The ACB has not moved to replace Warne even though selectors have been told to consider a new player for the defending champion, which plays its second pool match against India at Centurion on Saturday. An ACB spokesman on Wednesday confirmed the board would wait for a clearer picture of Warne's situation before asking the International Cricket Council (ICC) if a new player could be sent to Africa.

The ACB is expected to ask for permission to send Warne back into the World Cup if he is cleared by the anti-doping committee despite his positive test.

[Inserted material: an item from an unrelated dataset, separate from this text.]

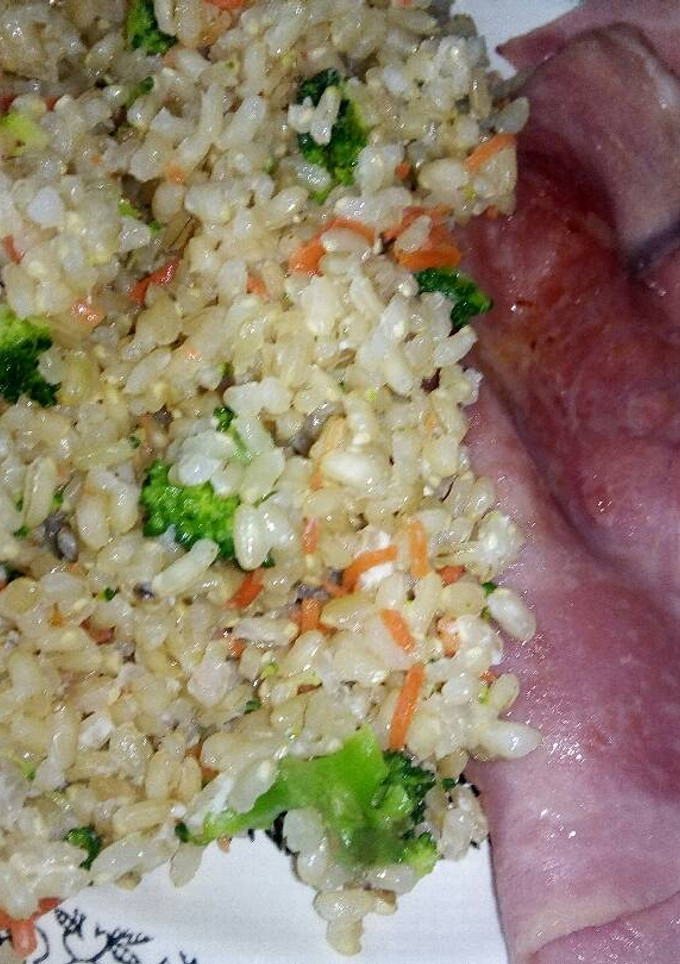 Una foto de Arroz integral con brócoli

Without Warne, Australia has only 14 players in South Africa but the squad will be boosted by the return from suspension of Darren Lehmann and the likely availability from injury of Michael Bevan. With all-rounders Andrew Symonds and Ian Harvey starring in Tuesday's 82-run hammering of Pakistan, Australian selectors can choose from a strong 14-man squad.

Chairman of selectors Trevor Hohns was expected to speak later on Wednesday with co- selector Andrew Hilditch, who is in South Africa with the Australian team. If selectors decide to send another spinner in a straight swap for Warne, Queensland off spinner Nathan Hauritz and NSW leggie Stuart MacGill appear the main contenders. Hauritz, Victorian Cameron White and South Australian left-arm spinner Mark Higgs were preferred to MacGill in the original 30-man squad. But selectors were initially told any replacement could come from outside the 30, leaving MacGill and even Test captain Steve Waugh eligible. But Waugh is not expected to be considered even if selectors decide to risk upsetting the balance of the squad by sending another batsman.